> [What you should do] Copy nothing from the entries below except the lines from the one containing "Display of seized" through the one containing "Close-up of professional", and copy those exactly.

[Items from a data source]

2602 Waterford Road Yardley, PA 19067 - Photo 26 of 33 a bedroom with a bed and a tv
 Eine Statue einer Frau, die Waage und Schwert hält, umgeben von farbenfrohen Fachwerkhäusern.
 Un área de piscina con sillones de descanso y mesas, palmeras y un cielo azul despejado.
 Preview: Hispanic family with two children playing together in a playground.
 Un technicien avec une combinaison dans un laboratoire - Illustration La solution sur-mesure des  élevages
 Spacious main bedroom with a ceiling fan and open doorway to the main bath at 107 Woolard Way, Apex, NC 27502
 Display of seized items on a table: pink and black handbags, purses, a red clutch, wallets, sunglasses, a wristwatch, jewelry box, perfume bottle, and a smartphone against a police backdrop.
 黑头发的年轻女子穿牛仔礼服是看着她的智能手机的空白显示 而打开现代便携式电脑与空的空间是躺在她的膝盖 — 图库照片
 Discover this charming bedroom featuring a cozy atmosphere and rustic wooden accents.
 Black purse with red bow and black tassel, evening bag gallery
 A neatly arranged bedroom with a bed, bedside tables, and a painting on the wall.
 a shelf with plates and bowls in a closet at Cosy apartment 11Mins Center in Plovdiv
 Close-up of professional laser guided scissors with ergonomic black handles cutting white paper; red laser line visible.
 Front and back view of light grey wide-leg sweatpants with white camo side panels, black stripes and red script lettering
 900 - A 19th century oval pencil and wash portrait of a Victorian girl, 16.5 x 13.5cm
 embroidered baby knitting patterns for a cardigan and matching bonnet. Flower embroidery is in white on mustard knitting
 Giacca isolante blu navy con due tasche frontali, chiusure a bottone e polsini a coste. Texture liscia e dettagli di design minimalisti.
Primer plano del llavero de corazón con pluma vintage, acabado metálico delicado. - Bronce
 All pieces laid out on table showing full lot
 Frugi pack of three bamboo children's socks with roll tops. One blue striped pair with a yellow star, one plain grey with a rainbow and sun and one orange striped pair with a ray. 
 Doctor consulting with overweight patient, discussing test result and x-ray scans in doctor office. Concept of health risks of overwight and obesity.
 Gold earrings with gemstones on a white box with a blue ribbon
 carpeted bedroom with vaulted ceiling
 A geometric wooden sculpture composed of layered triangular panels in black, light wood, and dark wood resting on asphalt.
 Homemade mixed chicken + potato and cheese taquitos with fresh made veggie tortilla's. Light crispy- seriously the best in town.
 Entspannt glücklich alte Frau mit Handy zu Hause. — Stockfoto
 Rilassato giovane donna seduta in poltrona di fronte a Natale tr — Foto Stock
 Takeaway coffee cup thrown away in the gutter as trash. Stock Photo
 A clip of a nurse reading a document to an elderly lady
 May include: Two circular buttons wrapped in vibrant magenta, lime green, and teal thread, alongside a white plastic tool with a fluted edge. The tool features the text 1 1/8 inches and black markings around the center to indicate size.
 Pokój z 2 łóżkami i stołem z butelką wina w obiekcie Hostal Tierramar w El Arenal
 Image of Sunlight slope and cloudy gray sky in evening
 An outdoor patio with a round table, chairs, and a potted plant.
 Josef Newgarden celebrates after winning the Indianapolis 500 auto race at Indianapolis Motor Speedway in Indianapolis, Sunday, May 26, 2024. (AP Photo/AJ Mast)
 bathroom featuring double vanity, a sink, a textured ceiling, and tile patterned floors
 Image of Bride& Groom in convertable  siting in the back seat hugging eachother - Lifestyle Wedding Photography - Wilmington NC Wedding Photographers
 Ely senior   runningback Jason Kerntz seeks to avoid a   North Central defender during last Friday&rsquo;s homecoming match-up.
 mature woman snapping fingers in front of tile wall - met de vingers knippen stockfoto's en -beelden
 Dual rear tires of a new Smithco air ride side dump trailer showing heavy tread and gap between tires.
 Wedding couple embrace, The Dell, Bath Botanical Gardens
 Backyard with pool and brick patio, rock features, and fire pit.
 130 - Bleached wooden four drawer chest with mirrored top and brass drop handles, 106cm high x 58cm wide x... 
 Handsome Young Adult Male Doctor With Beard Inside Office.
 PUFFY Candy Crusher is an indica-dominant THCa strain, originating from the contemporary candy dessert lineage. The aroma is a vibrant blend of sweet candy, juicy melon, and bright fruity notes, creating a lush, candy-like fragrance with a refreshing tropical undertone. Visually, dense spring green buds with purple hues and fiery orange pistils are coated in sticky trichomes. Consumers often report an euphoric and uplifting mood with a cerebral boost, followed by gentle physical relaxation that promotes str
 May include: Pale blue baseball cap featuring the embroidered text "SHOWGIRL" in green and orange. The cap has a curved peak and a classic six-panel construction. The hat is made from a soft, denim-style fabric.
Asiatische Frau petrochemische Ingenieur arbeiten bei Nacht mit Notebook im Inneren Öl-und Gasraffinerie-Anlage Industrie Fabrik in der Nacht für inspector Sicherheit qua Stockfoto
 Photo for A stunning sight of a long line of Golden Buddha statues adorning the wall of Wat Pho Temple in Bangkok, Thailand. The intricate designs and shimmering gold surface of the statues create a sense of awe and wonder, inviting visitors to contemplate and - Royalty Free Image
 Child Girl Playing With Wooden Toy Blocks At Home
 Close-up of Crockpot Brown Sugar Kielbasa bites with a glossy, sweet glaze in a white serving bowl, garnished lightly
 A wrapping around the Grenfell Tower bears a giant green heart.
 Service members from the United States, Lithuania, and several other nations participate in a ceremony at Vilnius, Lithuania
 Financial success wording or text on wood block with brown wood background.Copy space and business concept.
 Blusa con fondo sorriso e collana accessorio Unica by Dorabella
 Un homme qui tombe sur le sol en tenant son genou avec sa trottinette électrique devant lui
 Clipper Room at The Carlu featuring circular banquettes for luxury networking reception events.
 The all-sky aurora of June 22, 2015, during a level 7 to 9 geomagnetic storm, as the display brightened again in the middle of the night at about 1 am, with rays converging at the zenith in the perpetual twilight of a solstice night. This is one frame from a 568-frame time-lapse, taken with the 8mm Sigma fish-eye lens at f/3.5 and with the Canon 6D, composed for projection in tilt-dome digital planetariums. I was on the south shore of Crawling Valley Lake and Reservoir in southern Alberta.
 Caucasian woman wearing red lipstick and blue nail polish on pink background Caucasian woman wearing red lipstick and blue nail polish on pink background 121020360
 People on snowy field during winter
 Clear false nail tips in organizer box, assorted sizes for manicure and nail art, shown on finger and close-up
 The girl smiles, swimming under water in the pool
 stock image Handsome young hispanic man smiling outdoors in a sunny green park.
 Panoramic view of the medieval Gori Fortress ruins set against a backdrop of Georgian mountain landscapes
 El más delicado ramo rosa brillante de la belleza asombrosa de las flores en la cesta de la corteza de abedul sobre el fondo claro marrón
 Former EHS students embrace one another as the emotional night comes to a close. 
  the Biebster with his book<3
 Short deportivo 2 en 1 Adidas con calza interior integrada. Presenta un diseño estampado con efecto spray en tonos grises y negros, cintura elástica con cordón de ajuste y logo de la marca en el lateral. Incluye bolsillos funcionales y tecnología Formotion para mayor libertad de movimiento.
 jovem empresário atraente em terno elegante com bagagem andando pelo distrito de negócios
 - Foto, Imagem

> [Answer for this exercise]
 Display of seized items on a table: pink and black handbags, purses, a red clutch, wallets, sunglasses, a wristwatch, jewelry box, perfume bottle, and a smartphone against a police backdrop.
 黑头发的年轻女子穿牛仔礼服是看着她的智能手机的空白显示 而打开现代便携式电脑与空的空间是躺在她的膝盖 — 图库照片
 Discover this charming bedroom featuring a cozy atmosphere and rustic wooden accents.
 Black purse with red bow and black tassel, evening bag gallery
 A neatly arranged bedroom with a bed, bedside tables, and a painting on the wall.
 a shelf with plates and bowls in a closet at Cosy apartment 11Mins Center in Plovdiv
 Close-up of professional laser guided scissors with ergonomic black handles cutting white paper; red laser line visible.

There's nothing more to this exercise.